Constellation Brands (NYSE:STZ) reported stronger-than-expected second-quarter earnings, driven by the continued success of its beer division, which outpaced the broader beverage market. However, following the announcement, the company’s shares saw a more than 2% drop intra-day today.
The company posted adjusted EPS of $4.32, exceeding Street expectations of $4.08. Revenue for the quarter reached $3.14 billion, beating the anticipated $2.95 billion and showing year-over-year growth.
Constellation’s beer segment, featuring popular brands like Corona and Modelo, showed robust performance with mid-single-digit sales growth and a strong increase in operating income. The division also recorded double-digit growth in operating margin, outpacing the overall beverage industry.

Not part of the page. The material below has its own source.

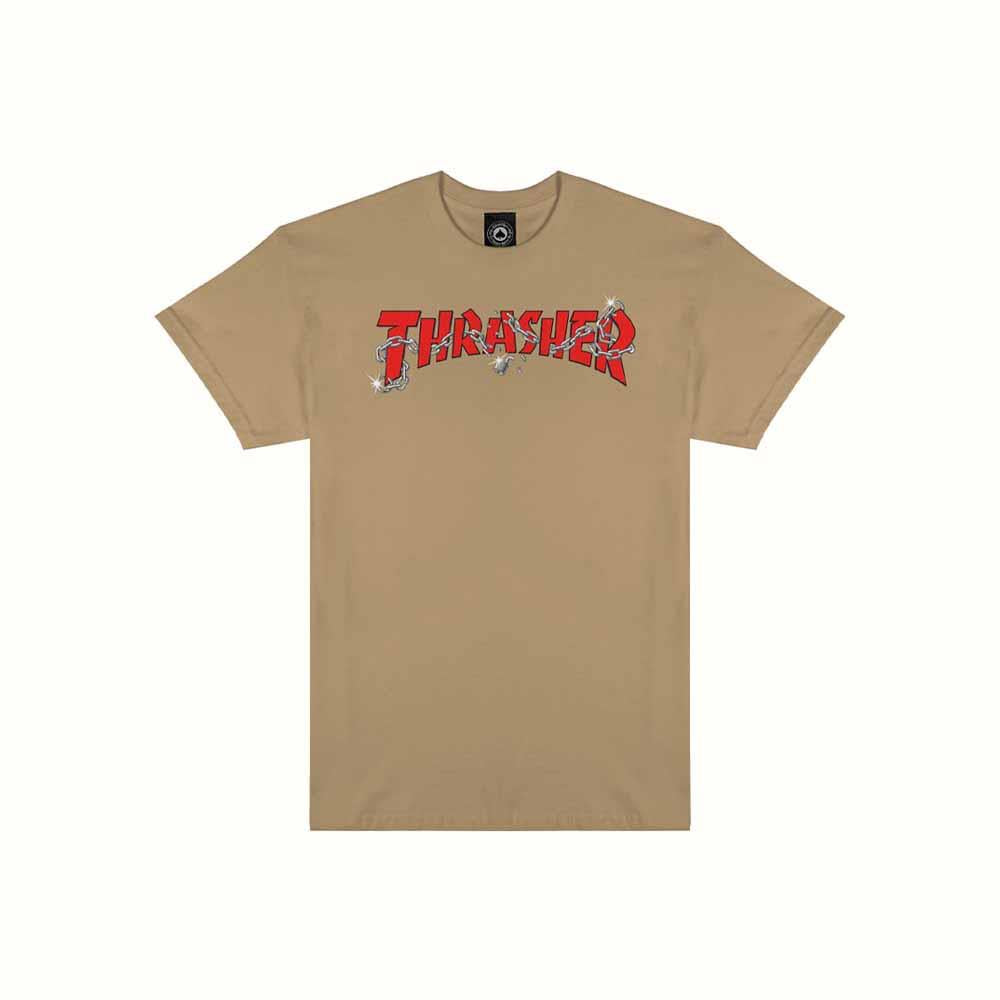 Thrasher Magazine Chains By Daniel Shepard T-Shirt Tan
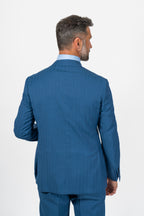 CANALI | Wool Herringbone Suit | Mid Blue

Looking ahead, the company reaffirmed its previous guidance for comparable EPS in fiscal 2025, ranging from $13.60 to $13.80, in line with Wall Street expectations of $13.69. However, Constellation adjusted its reported EPS forecast to $4.05 to $4.25, reflecting a non-cash goodwill impairment charge of $2.25 billion related to its Wine and Spirits segment.
The company also maintained its fiscal 2025 projections for operating cash flow at $2.8 to $3.0 billion and free cash flow at $1.4 to $1.5 billion.